How can it be that I’m bored with my travel story? This makes no sense. I was outrageously excited to be there and had an exceptionally good time for a lot of the time. Concern about my mother dominated a lot of the actual time there but it was beautiful and different and I like both beautiful AND different.
So why am I stalled in writing about it? I know that there are some amazing experiences coming up in my story.

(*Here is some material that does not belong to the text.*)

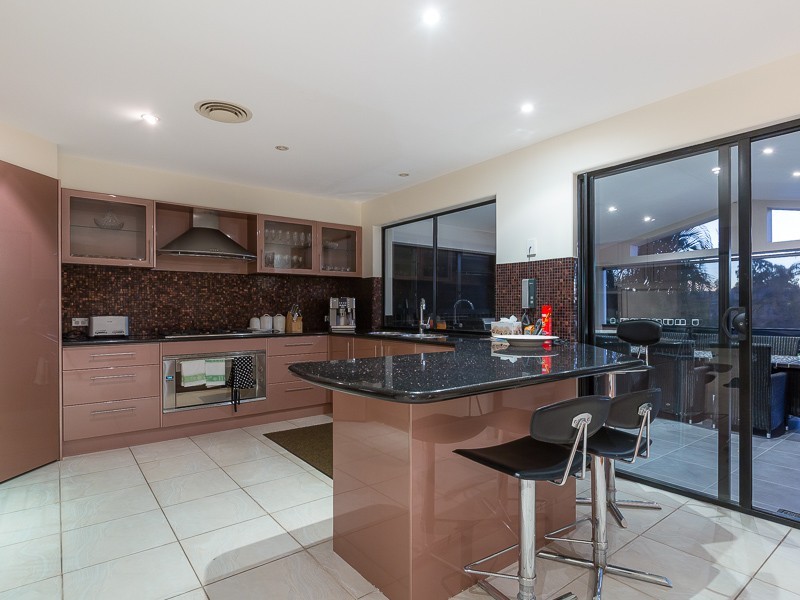 14 Conifer Crescent, Broadbeach Waters QLD 4218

I’m pretty sure I’ve expressed the undercurrent of anxiety … but there’s more. There was the flight … but then there was the first night in Edinburgh when I couldn’t sleep because I was practically paralysed with anxiety: literally crippling anxiety. My muscles were tensing in waves throughout my body, starting in my feet and all the way up to my neck: one muscle group would contract and only release when the next group tensed up. All night. And again the following night but only for a couple of hours. There was my mother being so carsick and sore en route to our happy western highland hideaway … but there was also the thing she said to me in Inverness which I can’t even repeat. Suffice to say, it was not directed at me and it was not happy.
I love my mother but I really enjoyed my time abroad after she went home.
Don’t you find it can be difficult to relate real-life experiences? The good, the bad, and the ugly are all mixed up together. . . .
LikeLiked by 1 person
In a way, yes. But in a way, everything is like that. I don’t know. I have to think about it.